3. At oral argument, experienced defense counsel said that he would readily accept the burden of proving, by a preponderance of the evidence, a client's lack of criminal responsibility, if in turn the judge did not give a presumption of sanity instruction. Defense counsel did not make such a proposal to the trial judge. The point deserves serious consideration, however, at least for prospective application, but there was no miscarriage of justice in the judge's instruction concerning the presumption of sanity. [Note 5]

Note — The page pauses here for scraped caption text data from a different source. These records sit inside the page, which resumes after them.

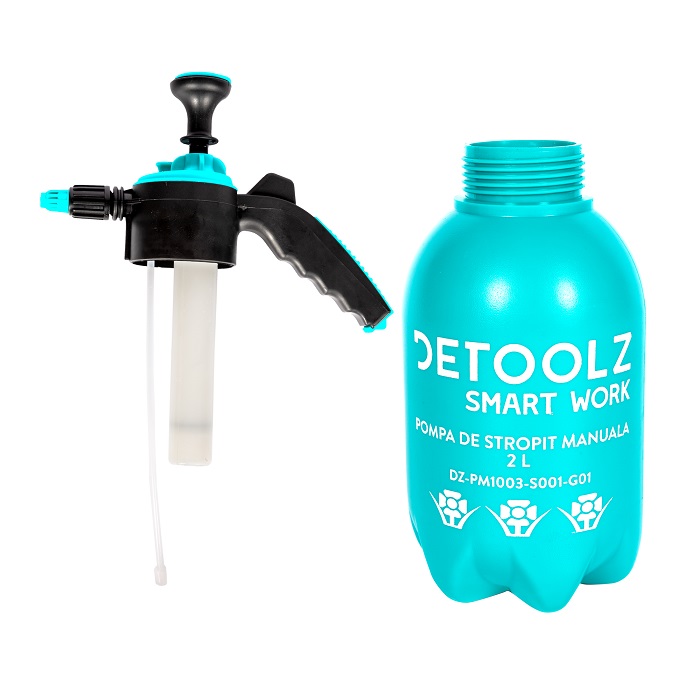 Pompa de stropit manuala DETOOLZ DZ-PM1003-S001-G01, volum 2 litri, debit 1-2 l/min, presiune 2 bar, temperatura max 40C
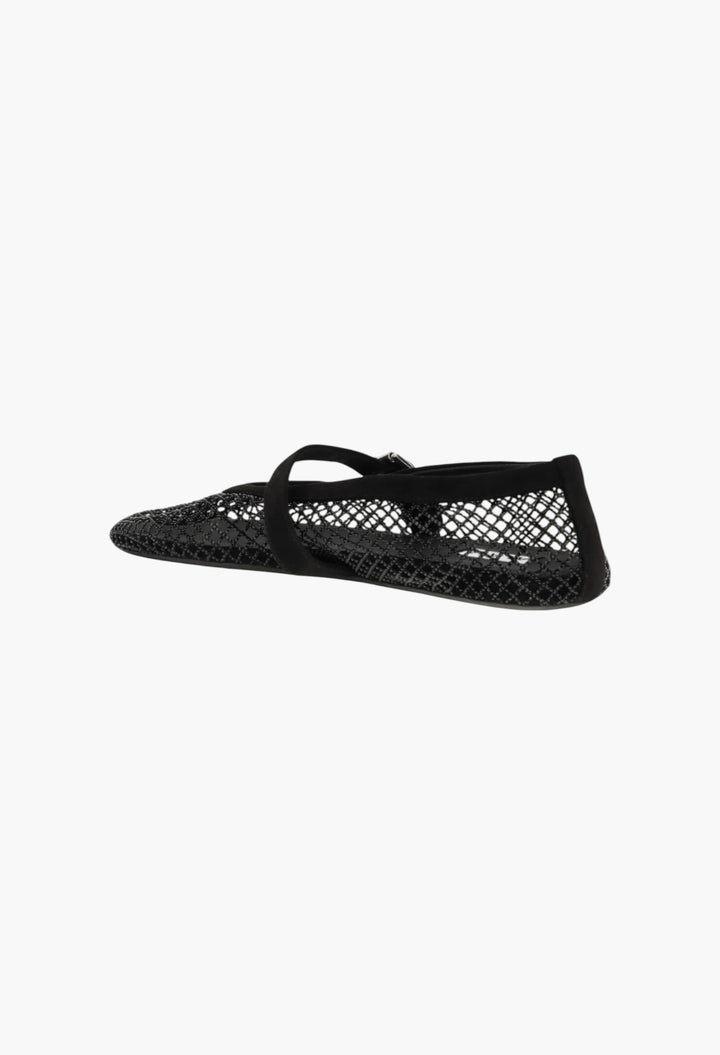 Rhinestone Mesh Ballerinas - GLAM MODA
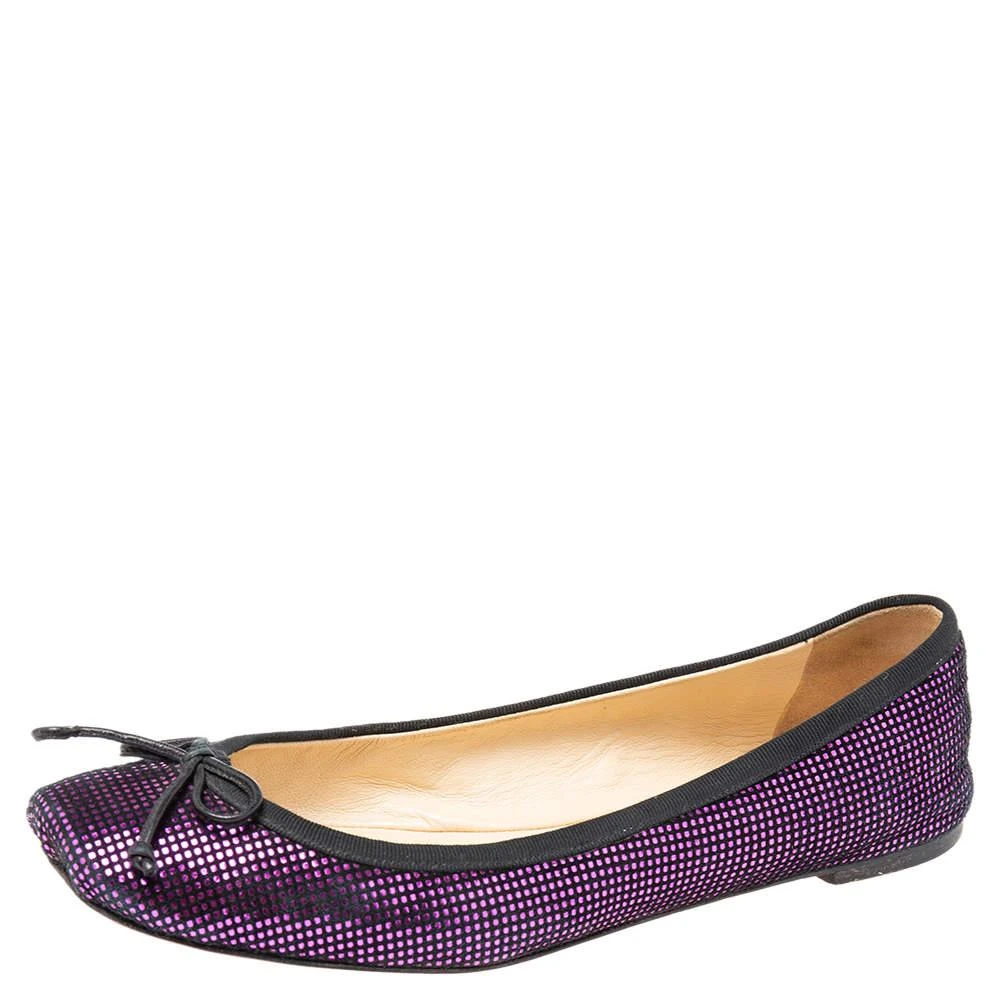Christian Louboutin Christian Louboutin Purple/Black Suede Rosella Ballet Flats Size 37 1
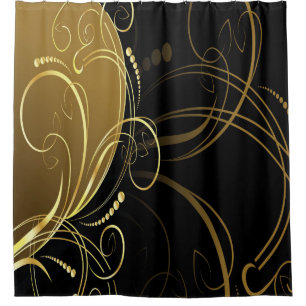 gold swirl,floral,black,chic,modern,design,elegant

4. We have considered other matters referred to in the
defendant's brief and conclude that they present no issue that we need discuss. There is no basis on which to provide relief to the defendant pursuant to G. L. c. 278, s. 33E.
[Note 1] The jury also found the defendant guilty on two counts of armed home invasion in violation of G. L. c. 265, s. 18C, with Barg and another occupant of the house named as the victims. The defendant does not challenge these convictions on appeal except as may be implicit in his challenge to the judge's treatment of the insanity defense.
[Note 2] The judge fully and correctly instructed the jury on the consideration they should give to the evidence of the defendant's consumption of drugs. The defendant does not challenge those instructions here.
[Note 3] The instruction in its fuller form was as follows: "In considering the question of the sanity of the defendant at the time of the murder and armed home invasion, you may consider the fact that a great majority of the people are sane and that [sic] the resulting probability that any particular person, including the defendant, is sane. However, it is for you to decide whether or not to consider this inference about the probability of the defendant's sanity; and you must carefully weigh any specific evidence of sanity or insanity that has been presented during the course of this trial. I have given you this inference to indicate that you may use your common sense and common experience in deciding whether or not the Commonwealth has met its burden of proving beyond a reasonable doubt that the defendant was criminally responsible at the time of the murder and the armed home invasion."
[Note 4] The defendant does not argue, as the defendant did in Commonwealth v. Kappler, 416 Mass. 574 , 578 (1993), that the evidence was insufficient to support a finding beyond a reasonable doubt that he was sane at the time of the crimes.
[Note 5] When we granted further appellate review in Commonwealth v. Keita, 45 Mass. App. Ct. 550 , 558 (1998), we indicated that "the court will consider whether to adopt a rule that the burden is on a criminal defendant to prove lack of criminal responsibility by a preponderance of the evidence, and whether, if such a rule were to be adopted, it may properly and should be applied to [that] case."